In the Mall, I Was . . . in the Mall

As a halfway educated man, I wonder why I like hanging out in shopping malls. There’s an understood mandate among we liberal arts types to despise such centers of consumerism, with their calculated storefront designs and cleverly displayed merchandise; and the hardly hidden motive for profit, which is one small, capitalist step away from greedy excess. In other words, the mall is a two-storied, soulless gallery of deception. Yet this store across from me right now, called Altar’d State, looks inviting, even though I think it’s geared toward women. The letters in the name are clean and modern, and they’re evenly centered above the entrance, on a slanted, wooden awning that runs nearly the width of the store. The tall windows are arched and contain rectangular bits of stained glass, all in various shades of brown, beige, tan, and off-white (I imagine that at some point, someone used words like “khaki” and “cream”). The facade reminds me a little bit of Macaroni Grill, which has even further pleasant associations. Anyway, staring at Altar’d State, it strikes me that mall storefronts are a little like television shows: just as TV gives us artificial slices of life on one convenient screen, the mall gives us artificial slices of architecture in one convenient location. Neither is what you would call real life or fine architecture, but they both seem to be enough. They both seem to satisfy some vagrant need for spectacle.

Maybe its the cleanliness and brightness that I love at the mall, and the good smells, and the splashes of color in the makeup department at Belk.
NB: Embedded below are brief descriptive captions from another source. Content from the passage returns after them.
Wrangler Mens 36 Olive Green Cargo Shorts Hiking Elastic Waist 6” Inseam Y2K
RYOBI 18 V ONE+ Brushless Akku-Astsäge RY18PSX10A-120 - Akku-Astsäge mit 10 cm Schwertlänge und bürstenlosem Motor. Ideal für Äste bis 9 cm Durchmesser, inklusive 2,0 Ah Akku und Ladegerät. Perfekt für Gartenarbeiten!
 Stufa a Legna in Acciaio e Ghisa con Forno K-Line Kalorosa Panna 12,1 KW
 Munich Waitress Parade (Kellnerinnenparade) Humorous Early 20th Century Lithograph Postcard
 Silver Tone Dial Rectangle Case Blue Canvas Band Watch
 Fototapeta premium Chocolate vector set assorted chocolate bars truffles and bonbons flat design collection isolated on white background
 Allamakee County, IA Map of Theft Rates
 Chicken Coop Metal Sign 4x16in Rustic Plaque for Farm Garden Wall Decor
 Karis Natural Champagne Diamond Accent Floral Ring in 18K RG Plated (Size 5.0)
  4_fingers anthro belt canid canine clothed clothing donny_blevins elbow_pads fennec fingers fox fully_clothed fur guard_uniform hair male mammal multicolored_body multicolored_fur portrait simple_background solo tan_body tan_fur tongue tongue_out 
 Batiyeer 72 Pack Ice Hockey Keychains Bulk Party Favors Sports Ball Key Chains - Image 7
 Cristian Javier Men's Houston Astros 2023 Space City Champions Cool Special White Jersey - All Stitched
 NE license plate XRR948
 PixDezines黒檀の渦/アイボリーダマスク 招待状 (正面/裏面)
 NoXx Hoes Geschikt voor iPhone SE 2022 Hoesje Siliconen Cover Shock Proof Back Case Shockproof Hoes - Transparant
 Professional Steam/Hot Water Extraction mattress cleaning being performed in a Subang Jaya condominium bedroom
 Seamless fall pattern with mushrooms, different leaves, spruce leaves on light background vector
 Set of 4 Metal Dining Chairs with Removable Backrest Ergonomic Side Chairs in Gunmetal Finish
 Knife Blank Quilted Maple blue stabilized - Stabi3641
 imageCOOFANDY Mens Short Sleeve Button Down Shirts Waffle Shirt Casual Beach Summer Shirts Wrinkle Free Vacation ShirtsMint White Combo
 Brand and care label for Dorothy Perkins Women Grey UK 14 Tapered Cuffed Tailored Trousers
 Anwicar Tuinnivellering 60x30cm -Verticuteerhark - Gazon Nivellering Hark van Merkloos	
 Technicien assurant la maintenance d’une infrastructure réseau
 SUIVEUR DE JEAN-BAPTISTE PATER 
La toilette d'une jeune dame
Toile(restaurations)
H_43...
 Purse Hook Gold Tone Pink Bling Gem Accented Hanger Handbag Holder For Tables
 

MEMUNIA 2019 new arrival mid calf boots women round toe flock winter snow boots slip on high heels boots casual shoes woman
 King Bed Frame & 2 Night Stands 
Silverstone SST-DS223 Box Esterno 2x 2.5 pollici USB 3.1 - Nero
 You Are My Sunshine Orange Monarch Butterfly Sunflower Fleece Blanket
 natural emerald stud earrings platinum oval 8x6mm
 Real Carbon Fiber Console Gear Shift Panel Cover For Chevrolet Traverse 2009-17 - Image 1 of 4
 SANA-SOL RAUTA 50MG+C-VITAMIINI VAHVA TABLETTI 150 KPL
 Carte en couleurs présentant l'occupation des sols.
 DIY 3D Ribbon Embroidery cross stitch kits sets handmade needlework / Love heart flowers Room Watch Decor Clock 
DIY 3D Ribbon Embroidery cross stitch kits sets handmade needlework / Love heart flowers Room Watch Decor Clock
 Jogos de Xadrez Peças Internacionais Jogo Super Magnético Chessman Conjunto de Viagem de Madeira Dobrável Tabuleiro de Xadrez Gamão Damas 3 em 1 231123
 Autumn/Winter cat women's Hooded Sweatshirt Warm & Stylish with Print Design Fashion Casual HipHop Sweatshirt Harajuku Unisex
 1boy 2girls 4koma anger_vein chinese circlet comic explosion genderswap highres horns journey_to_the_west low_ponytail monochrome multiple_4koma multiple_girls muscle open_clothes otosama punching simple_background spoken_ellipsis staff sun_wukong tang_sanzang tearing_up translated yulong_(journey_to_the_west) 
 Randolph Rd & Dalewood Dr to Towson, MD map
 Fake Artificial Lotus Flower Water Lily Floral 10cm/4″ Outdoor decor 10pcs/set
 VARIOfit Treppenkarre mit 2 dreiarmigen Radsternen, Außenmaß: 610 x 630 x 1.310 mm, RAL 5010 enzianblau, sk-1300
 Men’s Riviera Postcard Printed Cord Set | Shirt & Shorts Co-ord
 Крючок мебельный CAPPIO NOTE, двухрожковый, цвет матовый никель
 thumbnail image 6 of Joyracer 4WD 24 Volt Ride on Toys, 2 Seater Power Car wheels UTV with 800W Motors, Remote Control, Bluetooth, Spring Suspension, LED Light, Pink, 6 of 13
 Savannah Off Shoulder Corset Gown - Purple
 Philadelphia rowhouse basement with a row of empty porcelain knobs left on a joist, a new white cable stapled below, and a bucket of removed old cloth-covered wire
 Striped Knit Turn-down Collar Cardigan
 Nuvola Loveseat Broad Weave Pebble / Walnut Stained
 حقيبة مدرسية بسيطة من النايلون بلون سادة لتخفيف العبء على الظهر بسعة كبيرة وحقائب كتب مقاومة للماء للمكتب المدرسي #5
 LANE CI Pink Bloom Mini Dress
The fact that the mall is climate-controlled is a definite plus, and opportunities for people-watching abound (even though most of the adults seem to be nursing a low-grade misery). Also, there’s something to be said about the pairing of familiar stores, like Dillard’s, with stores I’ve never heard of, like Native and Nomad. It’s as if the mall is saying, “I know who I am, yet I also like trying new things.” Humans like that kind of spirit.

Inevitably, I begin to wonder what this desire to be in the mall says about me. Am I drawn by the scent of retail? By its implied promise that happiness can be bought? Yet I almost never buy anything. (But I could. But I don’t. It goes back and forth.) To embrace the idea that buying brings happiness is, of course, shallow. So if I do get some kind of thrill from close proximity to retail, I hope that it is only a vicarious one. Perhaps the fascination is an expression of social class: an overlap of the working-class obsession over brand names with the middle-class obsession over buying power. This doesn’t feel quite accurate either, though. I shook brand-name obsession decades ago (I like to think), and as I’ve already said, I almost never buy anything. Or maybe, like most Americans, discussions of social class put me on edge, so I’ll drop that. Anyway, I think I’m gonna just drop this whole thing. I’m beginning to feel shallow.